Iceberg replication policies
Iceberg replication policies replicate Iceberg V1 and V2 tables, created using Spark (read-only with Impala), between Cloudera Base on premises 7.1.9 or higher clusters using Cloudera Manager 7.11.3 or higher versions. In Cloudera Base on premises 7.3.1 and higher versions, Replication Manager can also replicate V1 and V2 Iceberg tables created using Hive.
Apache Iceberg is a cloud-native, high-performance open table format for organizing petabyte-scale analytic datasets on a file system or object store. Iceberg supports ACID compliant tables which includes row-level deletes and updates and can define large analytic data tables using open format files.

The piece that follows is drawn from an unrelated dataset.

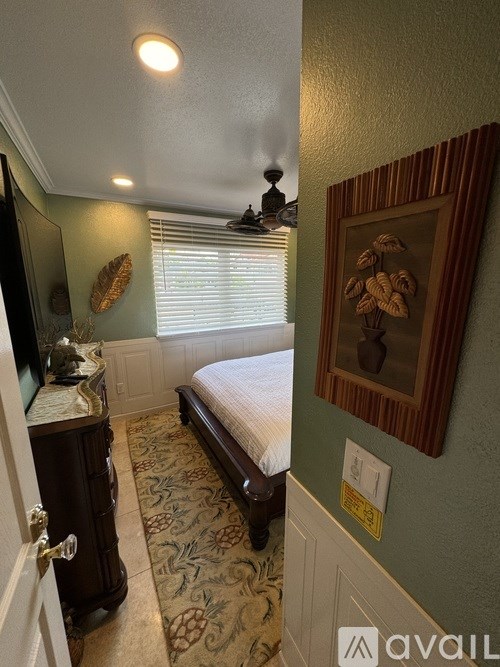 A bedroom with a large bed and a mirror above it.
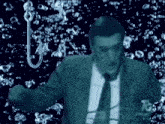 a man in a suit and tie is standing in front of a hook that says r on it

Iceberg replication policies provide the following functionalities:
- Replicating metadata and catalog from the source cluster Hive Metastore (HMS) to the target cluster HMS.
- Replicating data files in the HDFS storage system from the source cluster to the target cluster. The Iceberg replication policies can replicate only between HDFS storage systems.
- Replicating data at table level.
- Replicating all the snapshots from the source cluster which allows you to run time travel queries on the target cluster.
Some use cases where you can use Iceberg replication policies are to:
- replicate Iceberg tables between on-premises clusters to archive data or run analytics,
- implement passive disaster recovery with planned failover and perform incremental replication at regular intervals between two similar systems. For example, between an HDFS to another HDFS system.